## WHAT TO WORK ON
Please, without any pictures, set down exactly the part of the listing below that opens with the line containing "สวิตช์อุตสาหกรรม Gigabit 5" and closes with the line containing "Кухонный гарнитур Кортекс-мебель".

## DATASET ENTRIES
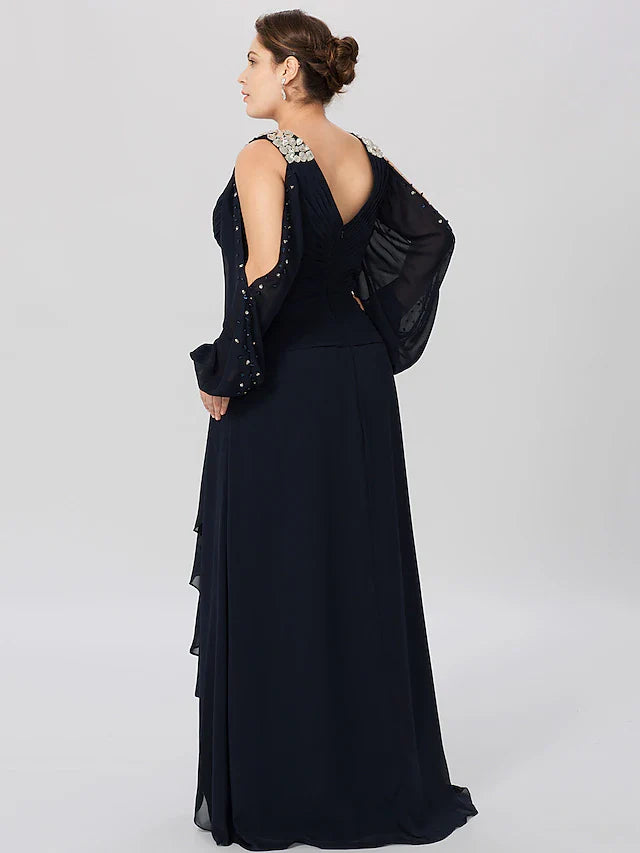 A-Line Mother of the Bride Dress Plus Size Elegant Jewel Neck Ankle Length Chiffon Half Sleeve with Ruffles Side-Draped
--
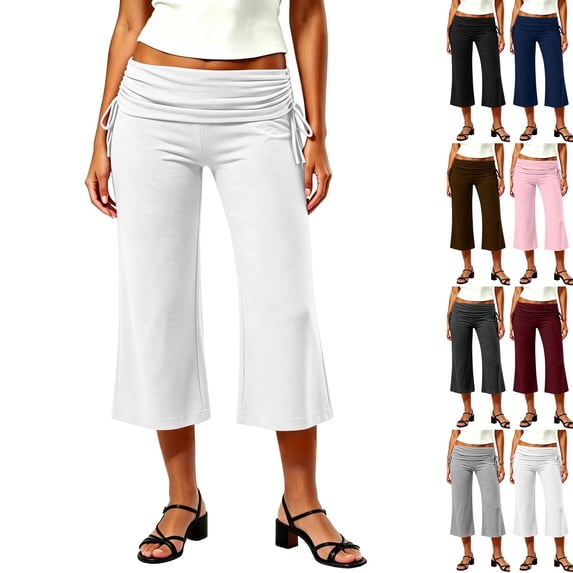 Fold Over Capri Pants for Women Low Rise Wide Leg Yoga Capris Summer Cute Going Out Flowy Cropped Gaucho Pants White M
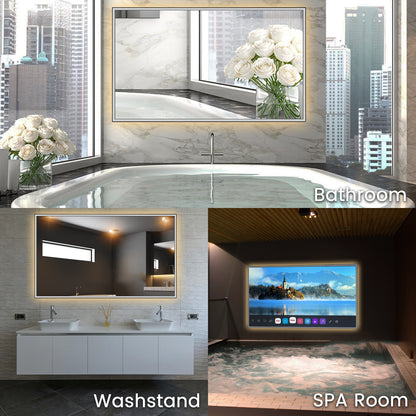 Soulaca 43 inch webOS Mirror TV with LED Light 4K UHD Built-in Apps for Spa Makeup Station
---
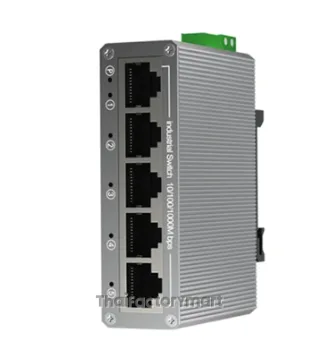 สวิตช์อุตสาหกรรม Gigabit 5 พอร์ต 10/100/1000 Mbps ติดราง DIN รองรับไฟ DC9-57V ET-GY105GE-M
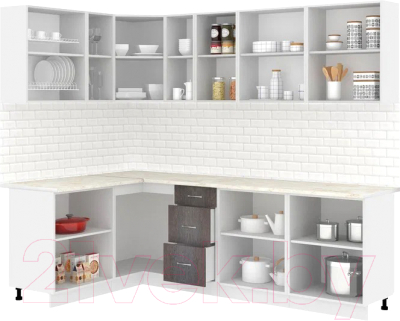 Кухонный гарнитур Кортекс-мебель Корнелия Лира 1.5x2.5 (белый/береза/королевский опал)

## RESPONSE TO THIS EXERCISE
 สวิตช์อุตสาหกรรม Gigabit 5 พอร์ต 10/100/1000 Mbps ติดราง DIN รองรับไฟ DC9-57V ET-GY105GE-M
 Кухонный гарнитур Кортекс-мебель Корнелия Лира 1.5x2.5 (белый/береза/королевский опал)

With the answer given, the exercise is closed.